We tend to view most songs as being in some kind of verse-chorus format. We might notice that a song doesn’t bother with a chorus, using one of the several possible verse-only formats, or perhaps verse-bridge, but in any case, most songwriters start their songwriting process by at least knowing that the form of the song is somewhat important.

What really is important, however, is not that a song has verses and choruses, but more that the musical energy we perceive moves up and down. In fact, when it comes to whether a song works or not, that’s all that really matters.

I love looking at Chicago’s 1975 hit “Old Days” as a great example of this. When it starts, we assume that what we’re hearing is a verse, and that we’re eventually going to hear a chorus or a bridge.
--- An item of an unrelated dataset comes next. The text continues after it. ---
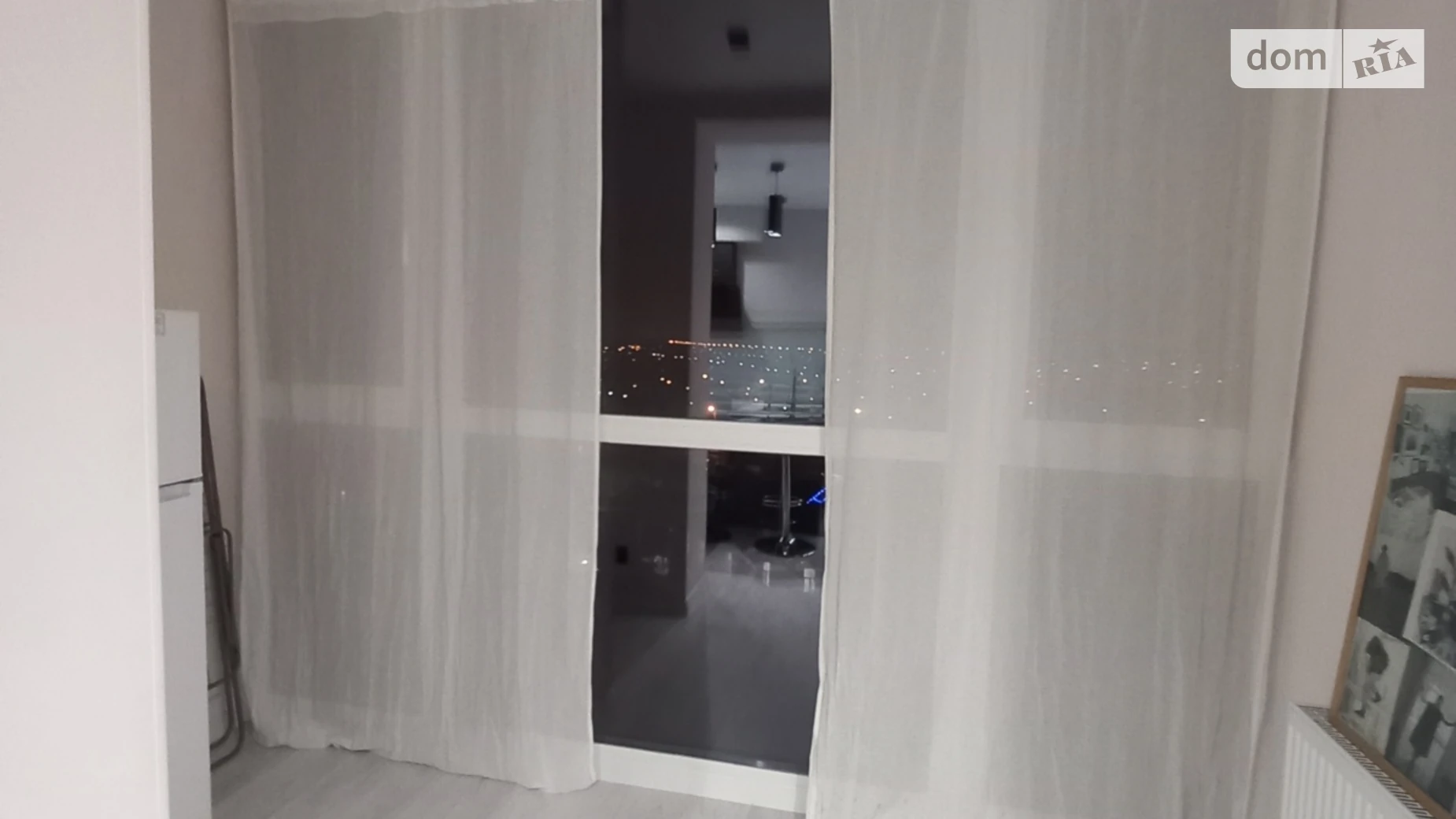 ул. Ньютона, 98 Слободской Харьков ЖК Ньютона - фото 5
But I like to hear it rather as a succession of sections that could be labeled as anything we want to call them. But in reality, it’s simpler than that: it’s a song with one distinct section following another distinct one.

  • Intro: 0’00”-0’17”: Instrumental
  • Section 1: 0’17”-0’32”: Harmonic progressions centered on the I-chord
  • Section 2: 0’32”-0’48”: Harmonic progressions centered on the dominant (V) chord
  • Section 3: 0’48”-1’04”: Harmonies moving to being centered on the vi-chord
  • Section 4: 1’04”-1:29″: Harmonies on vi, moving to dominant.

Because we have a tendency to hear everything in some sort of verse format, we might be tempted to hear this song as verse-chorus-bridge, but I think to do so kind of veils what’s actually going on here: a song that starts in major, moves to relative minor, and then to the dominant to prepare the return of section 1.

That kind of verse-chorus-bridge analysis wouldn’t necessarily be wrong, mind you. My point is that you can call those sections anything you’d like; what’s important is that each section has its own distinct mood — its own distinct flavour.

In your own songwriting, you might encounter an issue where you’ve been assembling your own songs from bits of other unfinished attempts, and then find yourself wondering which part is a verse, which part is a chorus, and so on.

But the more important issue with songwriting isn’t what to call each section, but to make sure that each section has its own particular musical energy and mood. As long as that’s happening, it doesn’t matter which part is the verse and which part is the chorus.

The up and down of musical energy is all that ever really matters, no matter how subtle those differences might be.